**Exercise data:**

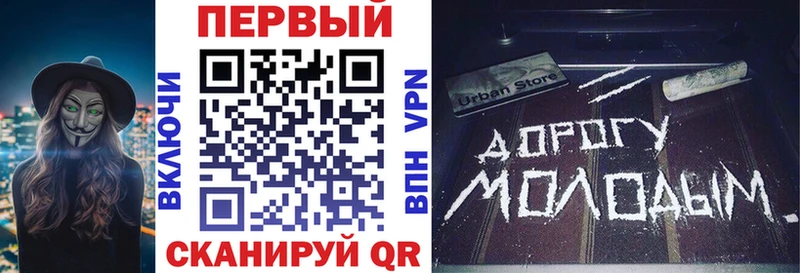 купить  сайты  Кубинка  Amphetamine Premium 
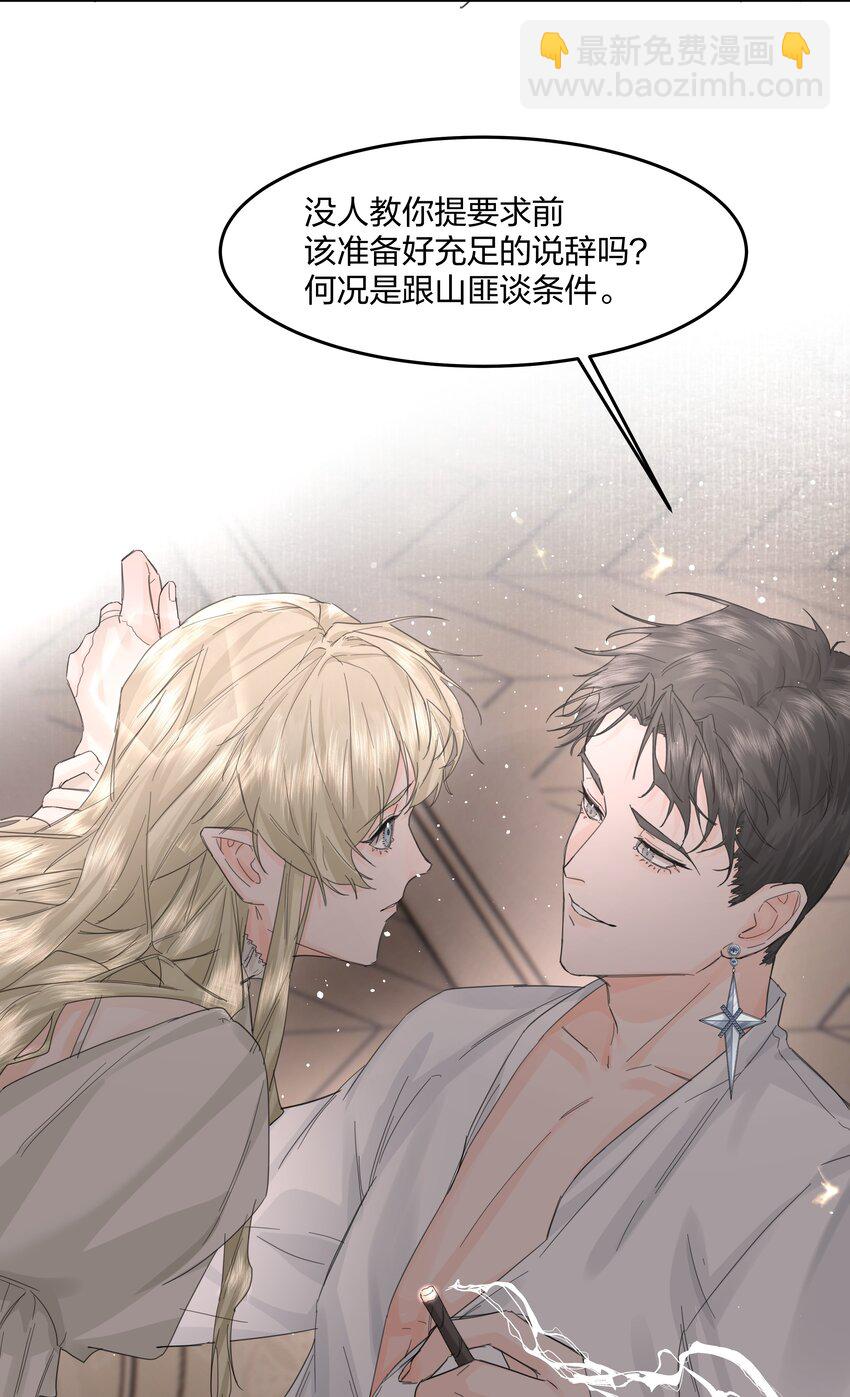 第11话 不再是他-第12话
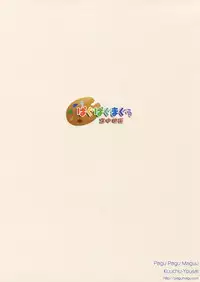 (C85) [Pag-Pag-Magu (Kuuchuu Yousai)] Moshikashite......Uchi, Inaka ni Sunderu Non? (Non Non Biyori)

**Exercise aim:** When copying the listing, print each line exactly but leave out every picture.

**Result for this task:**
 купить  сайты  Кубинка  Amphetamine Premium 
 第11话 不再是他-第12话
 (C85) [Pag-Pag-Magu (Kuuchuu Yousai)] Moshikashite......Uchi, Inaka ni Sunderu Non? (Non Non Biyori)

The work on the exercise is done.